【完】白衣とお菓子といたずらと
主治医のリハビリテーション医は、朝食終わりにやってきた。


炎症が落ち着いて、腫れが引いたらギプス固定へ変更されるらしい。


そして、3週から4週間固定のまま。


「絶対に体重かけたらダメ」

と、何度も何度も念押しされた。


体重がかかれば、骨折している骨がずれて手術しなければいけなくなるから。


「ギプス固定になったら、リハビリも始めるから」


この先生が主治医になった時点で予測はしていたけど、リハビリもしなくちゃ行けないらしい。


リハビリ室は行きたくないけどな。


俺のことを知っている患者さんも中にはいるし。


やはり俺だということは極力バレたくはない。


「先生。リハビリはここでお願いしてもいいですか?」


これだけは譲りたくはないと先生に尋ねた。


「しばらくはここでするように言っておくよ。固定が取れたらリハビリ室でしてもらう事にはなるけどね」


「えー大丈夫です。
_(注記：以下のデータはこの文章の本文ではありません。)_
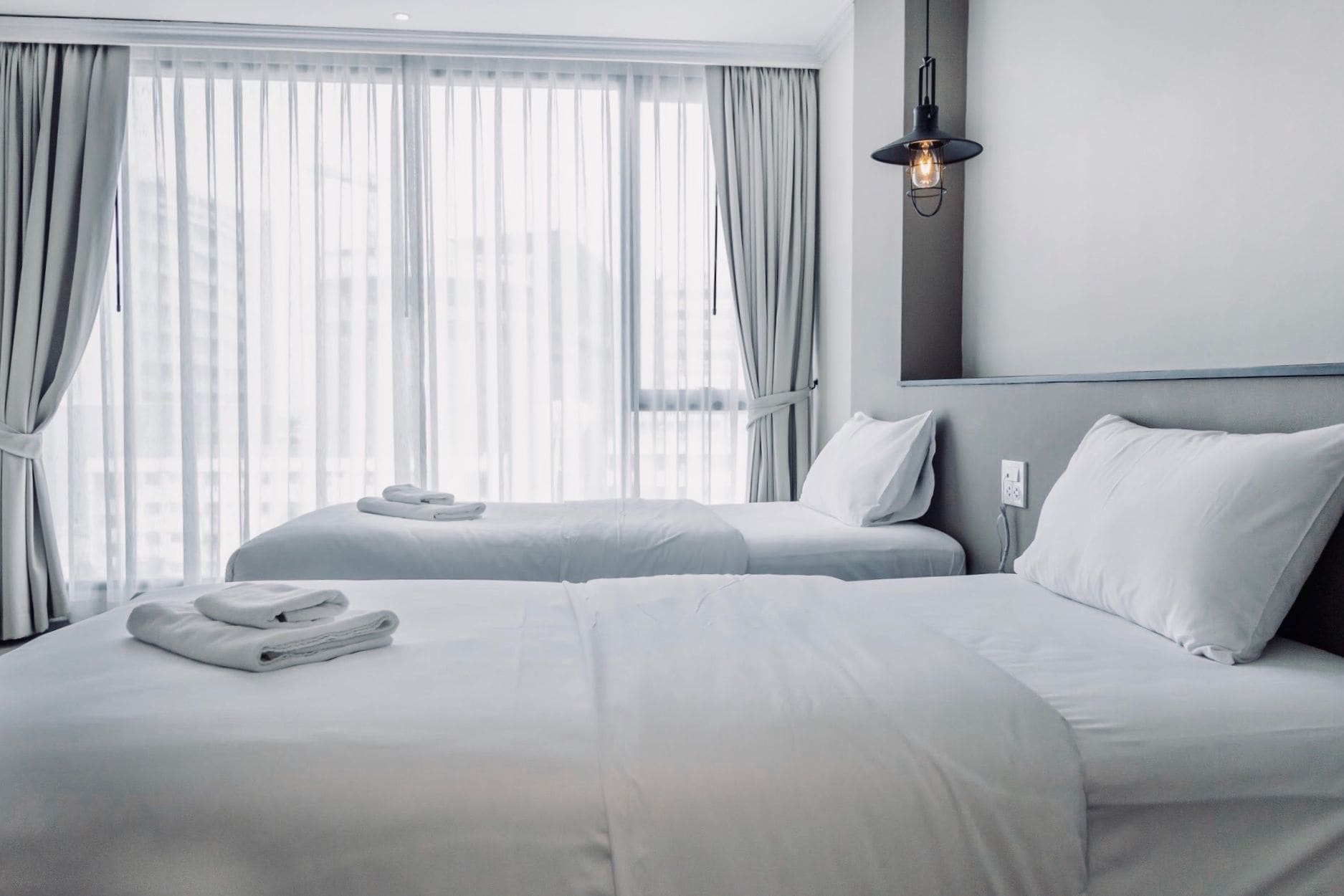 STUDIO, TWIN BEDS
少しでもリハ室に行く時間が短くなるなら」


ホッと胸を撫で下ろした。


時期が来たら処方箋書いておくと言い残し、先生は次の患者のもとへと向かった。


リハビリか……俺の担当は誰になるんだろうか。


職員相手ってやり辛いだろうし、俺の顔見知りになるだろうな。


香坂、池田か大山、もしくは同期の井上かな。


誰も居なくなった病室のベッドで、見慣れた天井を見つめながら、思い当たる人物を思い浮かべた。


気にしなくても、その時になればはっきりするだろう。


そんな事を考えているうちに、痛みで寝不足だった俺はいつの間にか眠ってしまっていた。